Our friends at the Hudson Valley Writers Guild sent along the following announcements. For more information on these and other projects from the Guild, check out their website at www.hvwg.org.
Annual Meeting of the HVWG Monday, Nov. 5, 2007, 6:00-8:00, Colonie Town Library. Call for all Board Members to be there to introduce yourself to our membership. Please bring non-members who might be interested in joining, as well. (Directions: Travel north up Wolf Road until the last light at Albany-Shaker Road, turn right, then look for library driveway on your left.)
Community of Writers - Schenectady Mark your calendars for Sunday, November 18, 2007. There will be an excellent program held at the Schenectady County Public Library from 2:00-4:00 pm. Panel members include: Karen Guzzardi-James, Peter Heinegg, David Kaczynski, Ron Pavoldi, Bill Poppino, Kelly de la Rocha, Rosalyn R. Sollecito, and Jennifer Wells. Miki Conn will moderate. There will be a book signing from 1:30-2:00 and from 4:00-5:00.
The Schenectady County Public Library is at 99 Clinton Street. Contact Karen Bradley at 388 4533 with any questions you may have. Web site: www.scpl.org. The meeting will be in the McChesney Room. This program is sponsored by the Schenectady County Public Library, the HVWG, Hamilton Hill Arts Center and Electric City Poetry Productions with support from the Friends of Schenectady County Public Library.
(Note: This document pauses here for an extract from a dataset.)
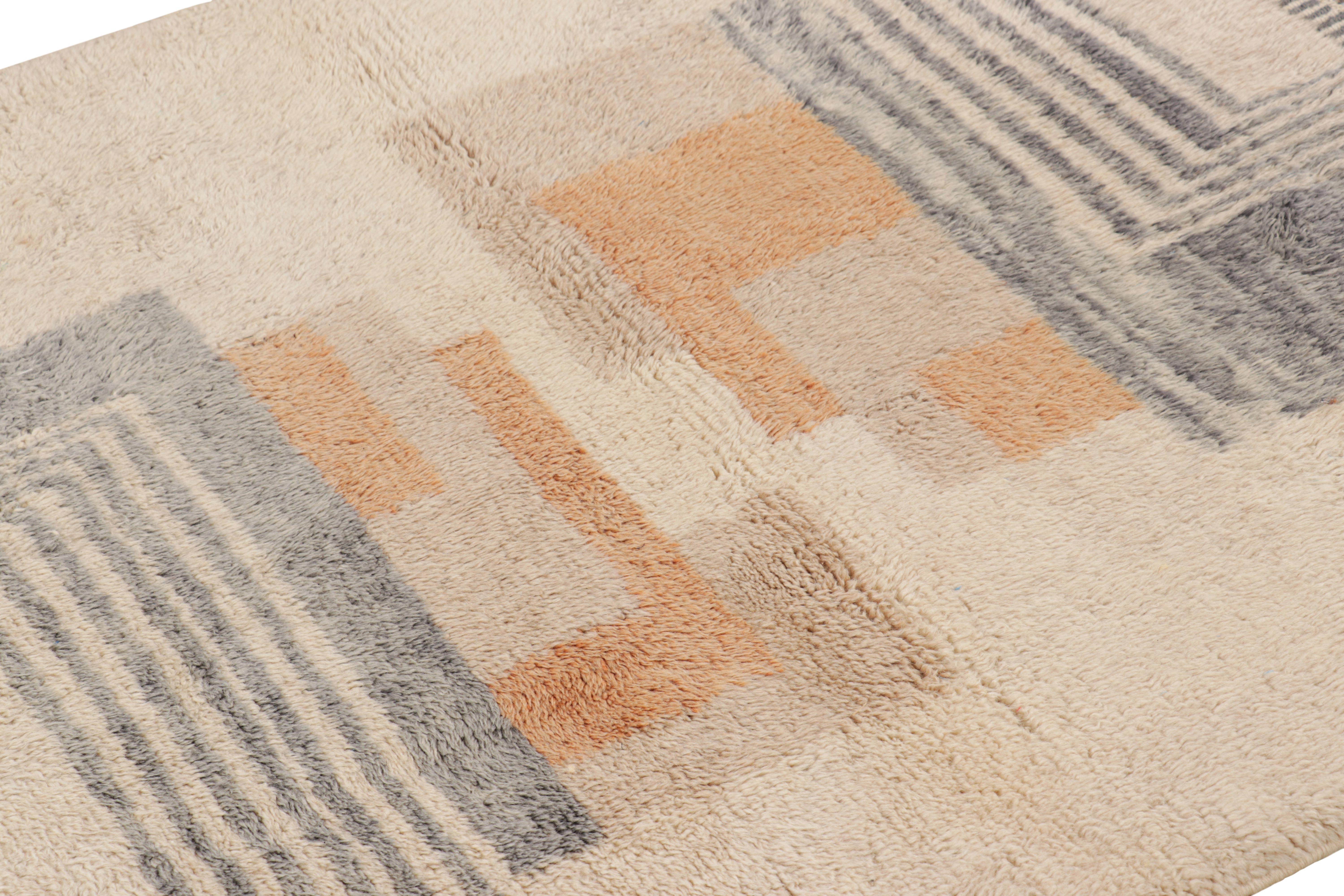 Fabriqué en laine nouée à la main et originaire du Maroc, ce tapis marocain 4x5 de Rug & Kilim représente une nouvelle ligne passionnante de tapis tribaux contemporains. Son design représente certains des tisserands nomades les plus dévoués du Maroc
Member Announcements: Nancy Klepsch, Mary McCarthy Nancy Klepsch will be offering a limited number of poetry tee-shirts at the following locations starting this fall and holiday season: Allblues, 199 Fourth Street, Troy, NY and The Shop at the Arts Center of the Capital Region, River Street, Troy, NY. She is also offering soup bowls with her poem "Eat" written on it at DEPARTURES, Albany International Airport. The tee-shirt was inspired by her poetry installation called "about this building," which was funded by an Arts Grant from the Arts Center of the Capital Region through the New York State Council on the Arts. Twelve 2' X 3' vinyl posters with her poem "about this building" printed on them were mounted on the facade of a building on the corner of Sixth Avenue and Jay Street in Troy's North Central neighborhood, where she rehabilitated her first home about 14 years ago. "I realized this building was here before I was born, and it will be here after I am gone. I wanted to honor Troy's architecture, and I was wondering if anybody felt the way I do. I made this tee-shirt for folks who feel like me about their homes." The tee-shirts come in sizes small to 3XL, are long sleeve, 100% cotton and white in color. The soup bowls were inspired by her downstate upbringing featuring her poem called "Eat." If you are from or visit the Queens, NY area, you will be familiar with such references as The Lemon Ice King, a Queens, NY institution, which makes homemade Italian ices from fresh fruit, in this poem. The ceramic bowls are white in color and feature hand lettering in black.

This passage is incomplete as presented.